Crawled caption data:
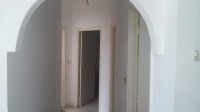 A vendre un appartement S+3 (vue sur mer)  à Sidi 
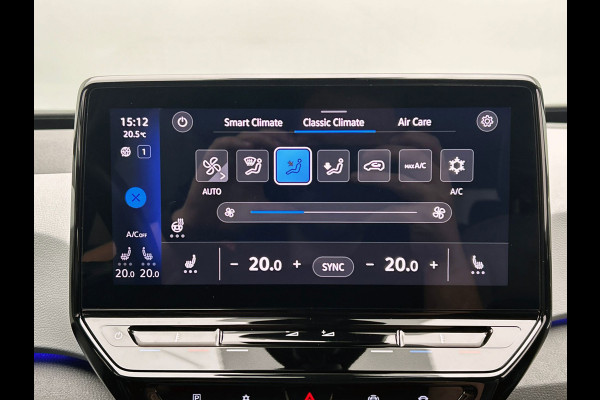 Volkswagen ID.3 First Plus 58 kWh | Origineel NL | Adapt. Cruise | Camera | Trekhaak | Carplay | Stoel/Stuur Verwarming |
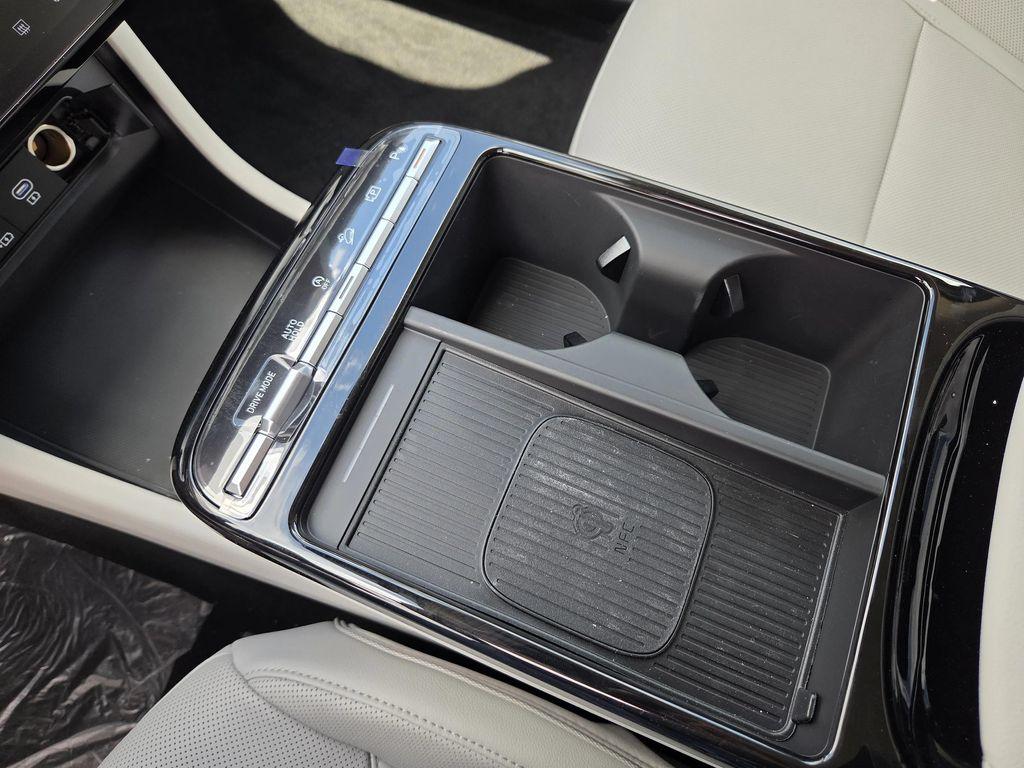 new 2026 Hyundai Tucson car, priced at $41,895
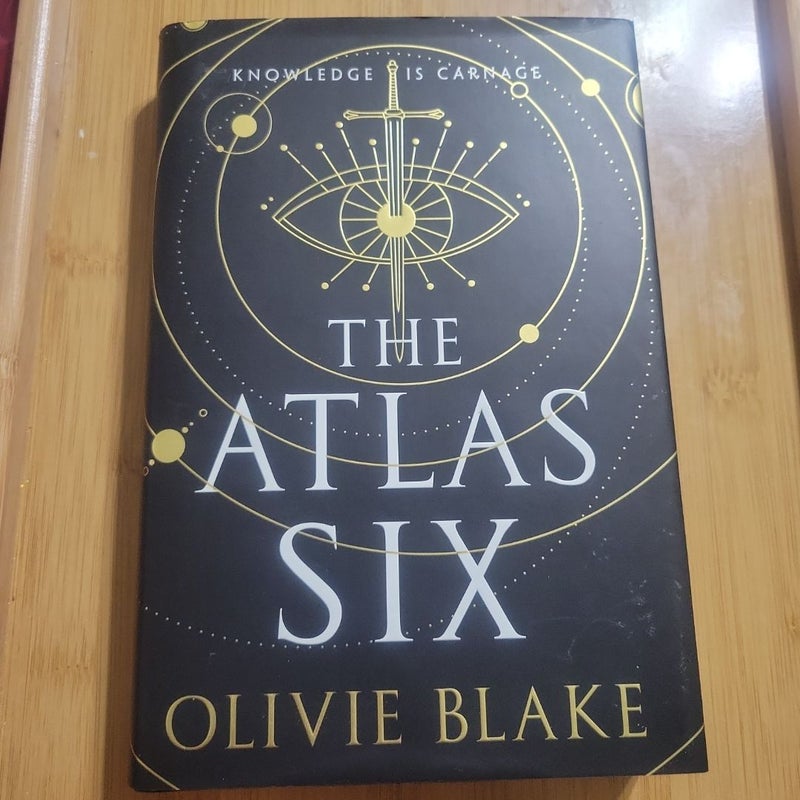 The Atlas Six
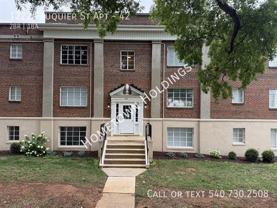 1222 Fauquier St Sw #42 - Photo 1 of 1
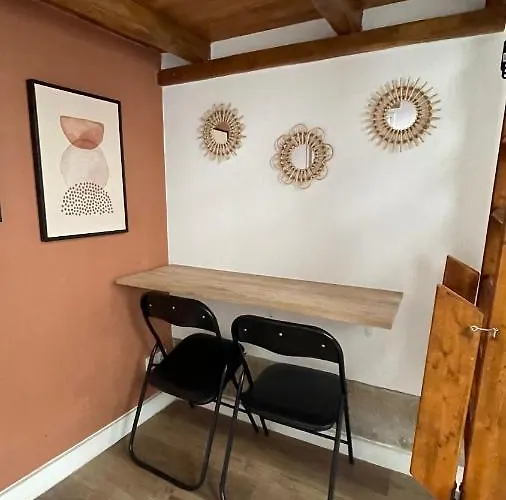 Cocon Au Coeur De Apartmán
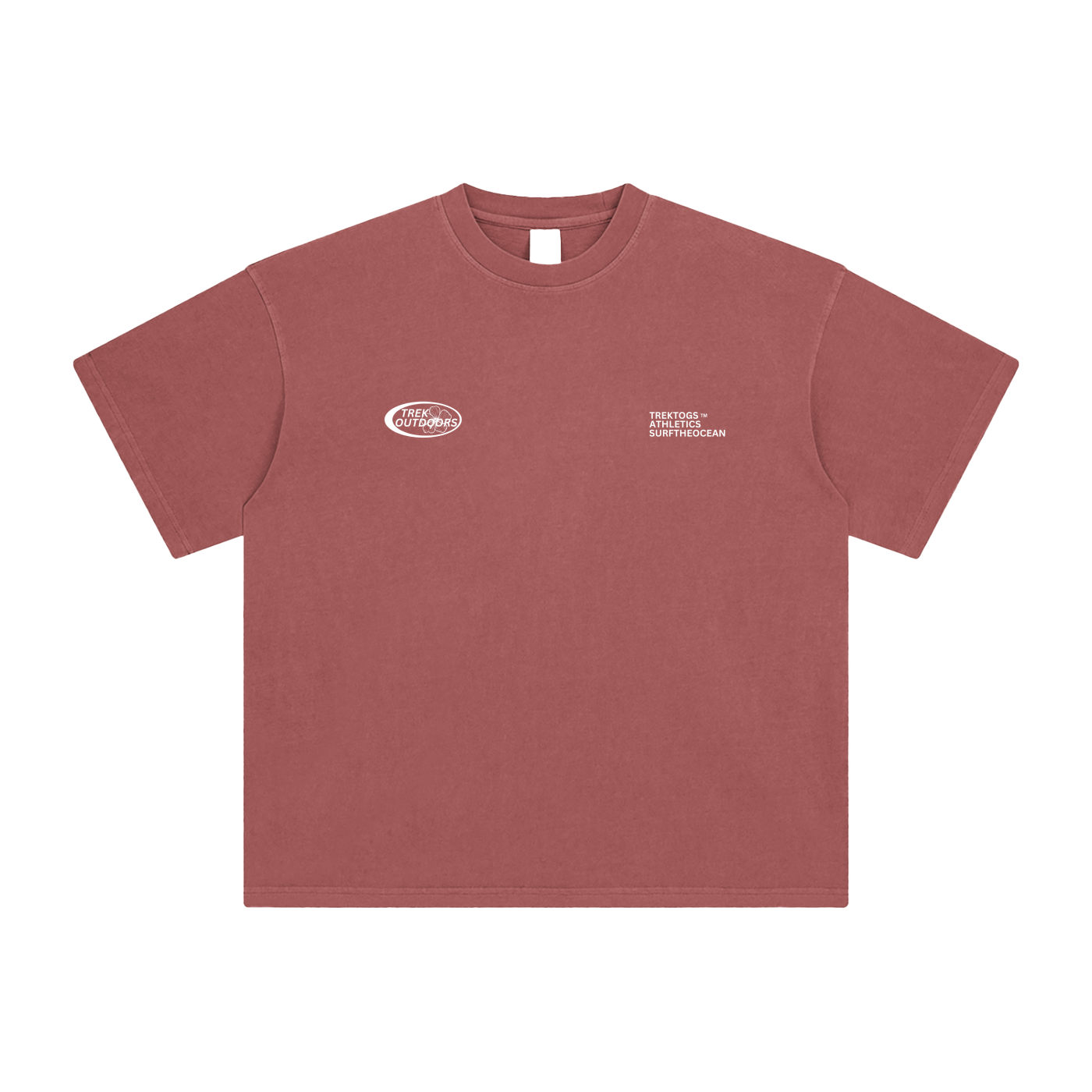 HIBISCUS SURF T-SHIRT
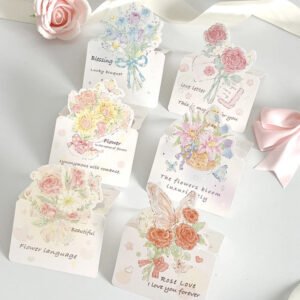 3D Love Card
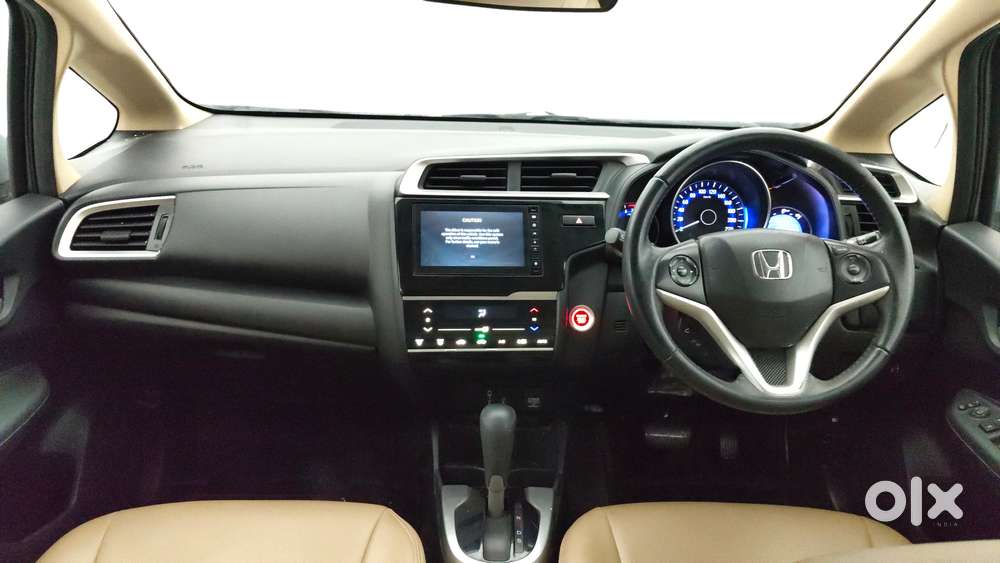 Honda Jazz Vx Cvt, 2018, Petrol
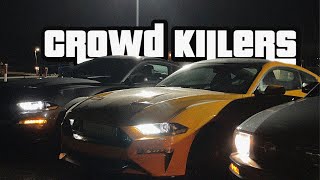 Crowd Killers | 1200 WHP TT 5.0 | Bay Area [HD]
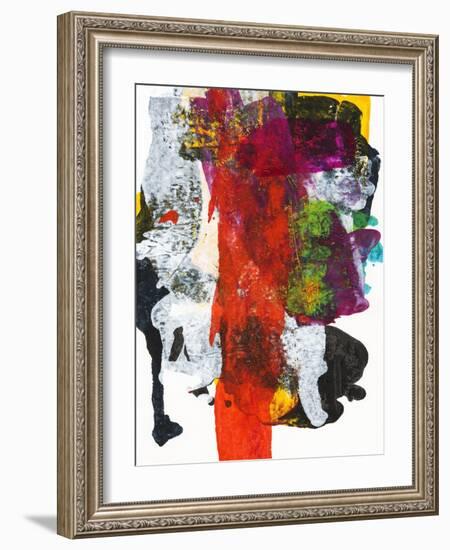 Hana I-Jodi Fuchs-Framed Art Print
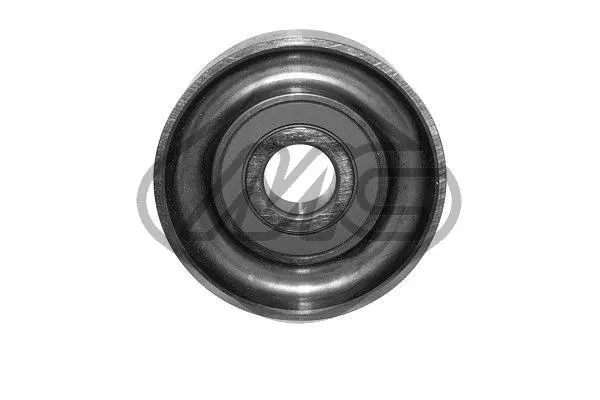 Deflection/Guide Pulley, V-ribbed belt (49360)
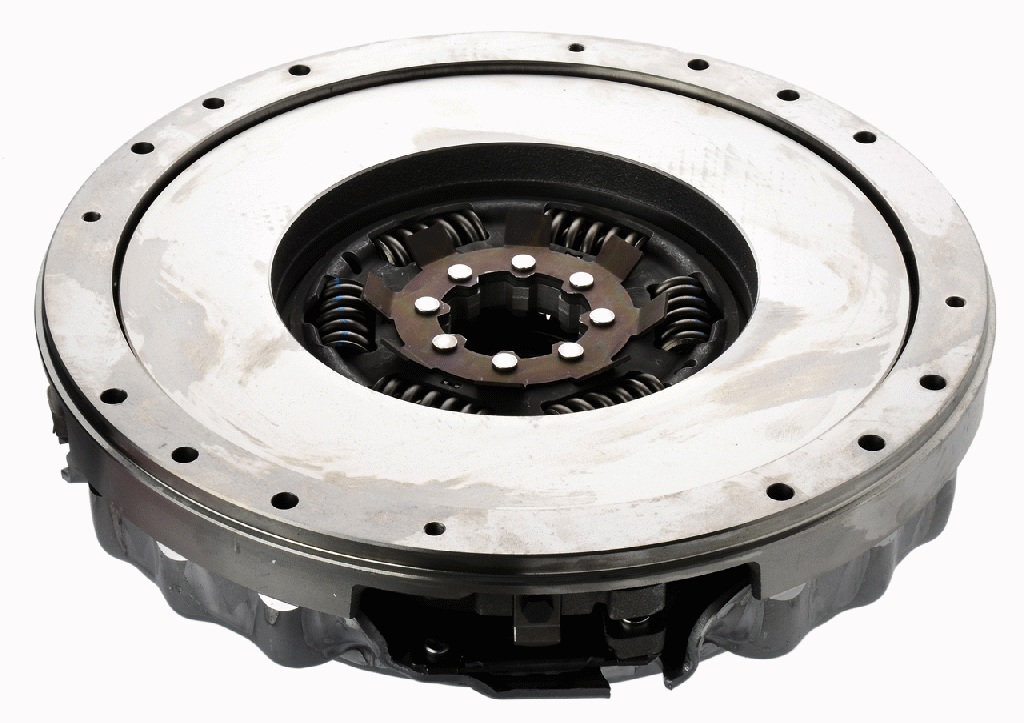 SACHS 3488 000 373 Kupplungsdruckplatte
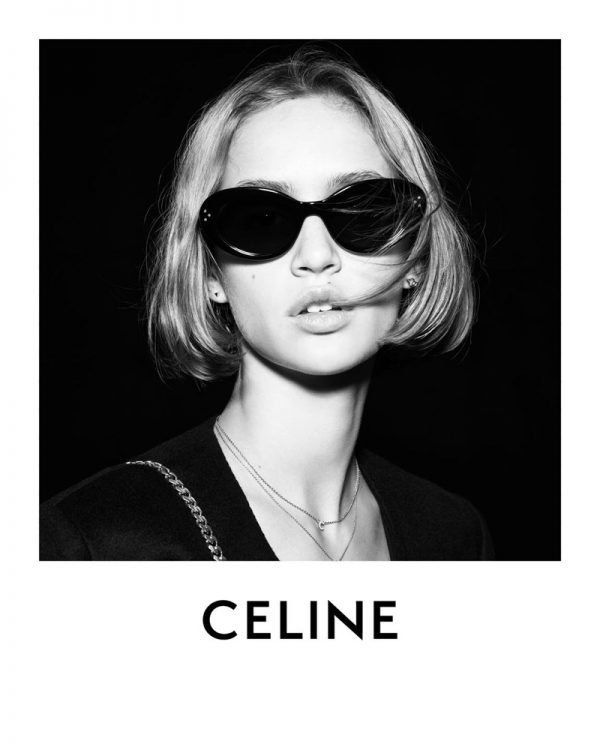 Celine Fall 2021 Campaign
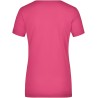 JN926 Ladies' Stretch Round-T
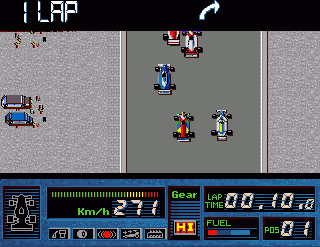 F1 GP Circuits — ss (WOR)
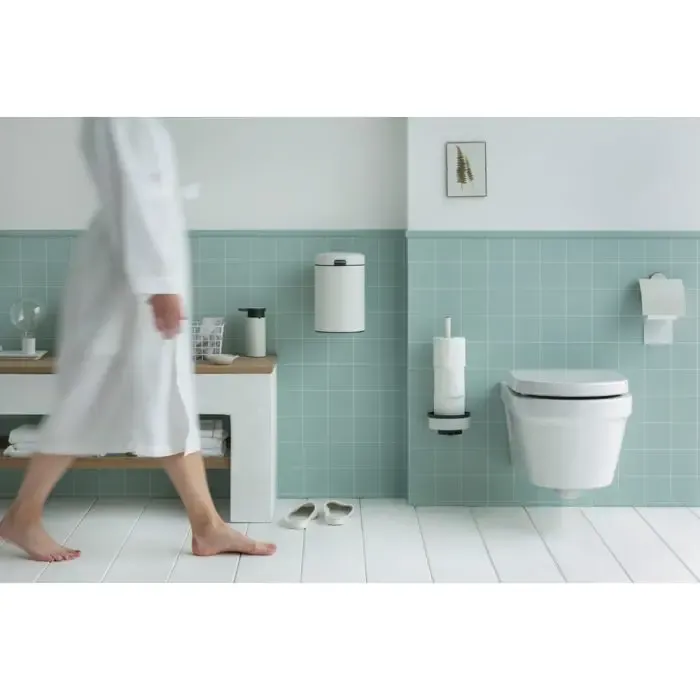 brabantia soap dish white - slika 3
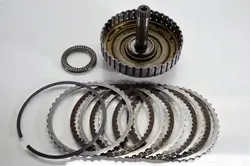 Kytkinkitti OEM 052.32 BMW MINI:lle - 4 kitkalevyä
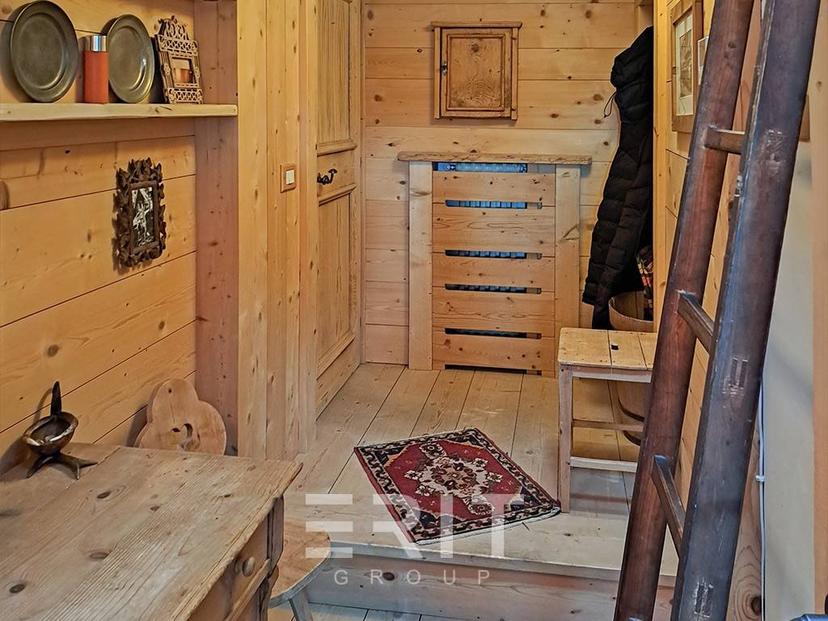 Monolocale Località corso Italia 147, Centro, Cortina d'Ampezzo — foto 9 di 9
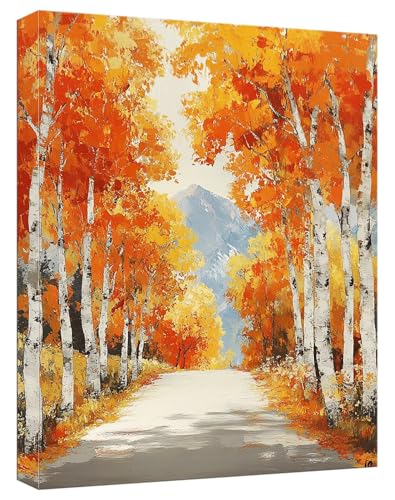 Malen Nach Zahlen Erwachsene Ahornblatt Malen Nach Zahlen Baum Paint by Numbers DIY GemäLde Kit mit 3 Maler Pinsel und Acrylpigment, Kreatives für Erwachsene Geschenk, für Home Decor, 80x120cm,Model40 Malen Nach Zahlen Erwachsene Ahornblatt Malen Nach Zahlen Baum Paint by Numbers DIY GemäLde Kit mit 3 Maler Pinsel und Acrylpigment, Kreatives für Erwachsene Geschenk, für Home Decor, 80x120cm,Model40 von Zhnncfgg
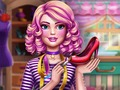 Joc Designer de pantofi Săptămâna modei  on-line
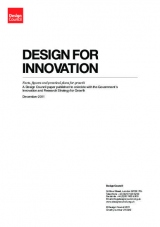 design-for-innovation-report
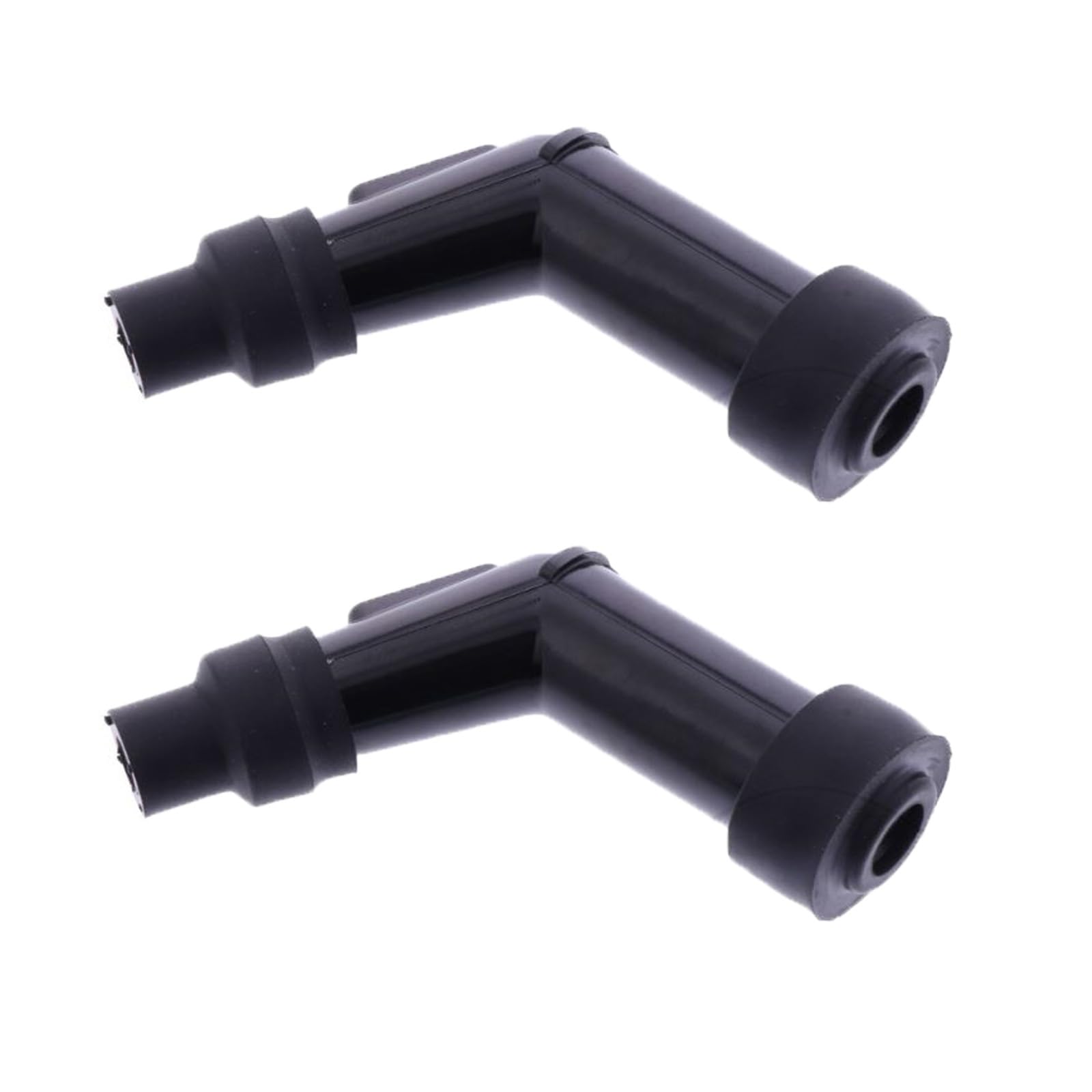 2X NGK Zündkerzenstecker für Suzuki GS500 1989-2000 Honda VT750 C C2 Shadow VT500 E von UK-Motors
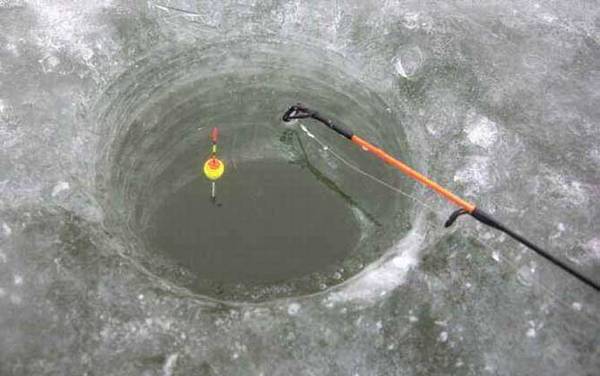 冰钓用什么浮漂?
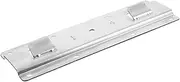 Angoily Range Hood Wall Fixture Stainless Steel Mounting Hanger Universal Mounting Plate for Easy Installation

[What you will do]: Print, exactly, each line above from the one with "SACHS 3488 000 373 Kupplungsdruckplatte" to the one with "Monolocale Località corso", end lines included. Leave pictures out of it.

[Your response]:
 SACHS 3488 000 373 Kupplungsdruckplatte
 Celine Fall 2021 Campaign
 JN926 Ladies' Stretch Round-T
 F1 GP Circuits — ss (WOR)
 brabantia soap dish white - slika 3
 Kytkinkitti OEM 052.32 BMW MINI:lle - 4 kitkalevyä
 Monolocale Località corso Italia 147, Centro, Cortina d'Ampezzo — foto 9 di 9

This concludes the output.